Junto a esa lectura literaria, el escritor mexicano dejó una de las frases más destacadas de la jornada al afirmar que “la nacionalidad mexicana no puede disociarse de la historia y de la cultura españolas, que le son inherentes”. La idea atravesó buena parte del acto y conectó también con las intervenciones institucionales, en una edición marcada por el peso simbólico de la relación entre México y España dentro del ámbito cultural y editorial en lengua española.
Celorio también reservó una parte muy importante de su intervención a la memoria familiar, un territorio muy presente en su obra narrativa. El escritor abrió de hecho su discurso con una evocación muy personal a su padre: “Hoy llegué, papá, justamente hoy, 64 años después. Gracias”. Más adelante recordó a su madre como una lectora apasionada y agradeció a su hermano Miguel el apoyo recibido desde la infancia. Ese hilo personal le sirvió para enlazar historias de migración, exilio, revolución y diáspora que, según explicó, han alimentado durante años su literatura y su manera de mirar el pasado.

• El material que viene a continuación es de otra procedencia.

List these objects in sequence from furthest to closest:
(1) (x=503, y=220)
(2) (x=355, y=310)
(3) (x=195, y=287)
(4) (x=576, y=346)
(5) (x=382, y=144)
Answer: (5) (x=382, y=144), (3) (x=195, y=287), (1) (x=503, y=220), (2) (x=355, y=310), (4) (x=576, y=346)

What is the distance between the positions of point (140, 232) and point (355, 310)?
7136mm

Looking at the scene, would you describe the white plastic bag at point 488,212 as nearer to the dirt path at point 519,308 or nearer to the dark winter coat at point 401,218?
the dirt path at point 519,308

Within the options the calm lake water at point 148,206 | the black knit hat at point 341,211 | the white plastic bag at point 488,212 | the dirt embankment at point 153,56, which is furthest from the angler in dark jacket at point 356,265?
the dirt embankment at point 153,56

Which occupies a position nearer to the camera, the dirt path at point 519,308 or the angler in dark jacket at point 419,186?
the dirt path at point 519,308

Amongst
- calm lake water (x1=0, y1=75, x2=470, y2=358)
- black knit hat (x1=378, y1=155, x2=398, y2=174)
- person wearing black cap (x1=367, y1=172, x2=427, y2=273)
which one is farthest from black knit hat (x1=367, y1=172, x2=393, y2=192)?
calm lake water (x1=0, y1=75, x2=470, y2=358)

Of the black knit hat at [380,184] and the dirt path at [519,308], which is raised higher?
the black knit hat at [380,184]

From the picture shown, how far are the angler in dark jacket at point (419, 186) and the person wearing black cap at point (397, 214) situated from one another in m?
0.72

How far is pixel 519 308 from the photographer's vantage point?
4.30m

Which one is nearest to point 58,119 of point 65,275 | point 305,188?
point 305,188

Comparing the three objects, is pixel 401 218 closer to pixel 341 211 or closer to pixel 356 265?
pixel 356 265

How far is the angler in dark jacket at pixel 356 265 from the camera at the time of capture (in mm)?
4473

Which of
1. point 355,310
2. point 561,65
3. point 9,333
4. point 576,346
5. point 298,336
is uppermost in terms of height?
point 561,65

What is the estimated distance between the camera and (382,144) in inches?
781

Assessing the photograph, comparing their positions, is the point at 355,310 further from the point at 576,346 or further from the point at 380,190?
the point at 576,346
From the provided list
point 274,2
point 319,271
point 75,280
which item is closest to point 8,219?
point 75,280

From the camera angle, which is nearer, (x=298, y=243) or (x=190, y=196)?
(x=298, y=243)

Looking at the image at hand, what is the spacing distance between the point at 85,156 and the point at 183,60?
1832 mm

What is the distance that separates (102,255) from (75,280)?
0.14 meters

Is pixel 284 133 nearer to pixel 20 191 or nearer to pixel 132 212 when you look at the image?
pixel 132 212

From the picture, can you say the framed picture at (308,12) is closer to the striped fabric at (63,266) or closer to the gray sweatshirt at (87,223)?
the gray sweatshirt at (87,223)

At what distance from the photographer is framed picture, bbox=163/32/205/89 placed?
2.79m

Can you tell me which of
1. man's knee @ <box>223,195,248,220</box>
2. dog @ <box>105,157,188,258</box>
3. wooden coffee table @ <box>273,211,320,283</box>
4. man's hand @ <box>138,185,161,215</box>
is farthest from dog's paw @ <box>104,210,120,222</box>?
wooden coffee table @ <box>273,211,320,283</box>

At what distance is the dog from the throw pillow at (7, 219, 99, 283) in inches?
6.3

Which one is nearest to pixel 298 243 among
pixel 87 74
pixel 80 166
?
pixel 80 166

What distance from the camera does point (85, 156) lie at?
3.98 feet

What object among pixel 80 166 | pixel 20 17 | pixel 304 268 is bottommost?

La palabra, precisamente, fue el gran remate de su intervención. Después de repasar su trayectoria como docente, novelista y académico, Celorio aseguró que había dedicado toda su vida a ella y remató el discurso afirmando: “la palabra que más me gusta de la lengua de Cervantes es la palabra ‘palabra’”. Fue un cierre coherente con el tono de una ceremonia que volvió a reivindicar el valor de la literatura como espacio común para autores y lectores de todo el ámbito hispanohablante.
La jornada mantuvo además buena parte de la liturgia habitual del Cervantes. El acto comenzó con la interpretación del himno nacional por la Orquesta Ciudad de Alcalá y concluyó con el tradicional Gaudeamus igitur. Después de la ceremonia, la Tuna de la Universidad de Alcalá dedicó varias canciones al autor galardonado. Celorio, que había llegado al Paraninfo con amplia antelación acompañado por su esposa, Silvia Garza, y por María José Gálvez, cerró así una mañana en la que Alcalá volvió a ejercer de capital simbólica de las letras en español.
El Premio Cervantes está dotado con 125.000 euros y distingue el conjunto de la trayectoria de un autor o autora cuya obra haya contribuido a enriquecer el legado literario hispánico. En el caso de Gonzalo Celorio, el jurado reconoció en noviembre una carrera literaria e intelectual sostenida durante décadas entre la creación, el ensayo, la docencia universitaria y la defensa del idioma. Su presencia este 23 de abril en Alcalá de Henares ha dado continuidad a una tradición que, desde hace medio siglo, convierte a la ciudad en referencia internacional de la cultura en español.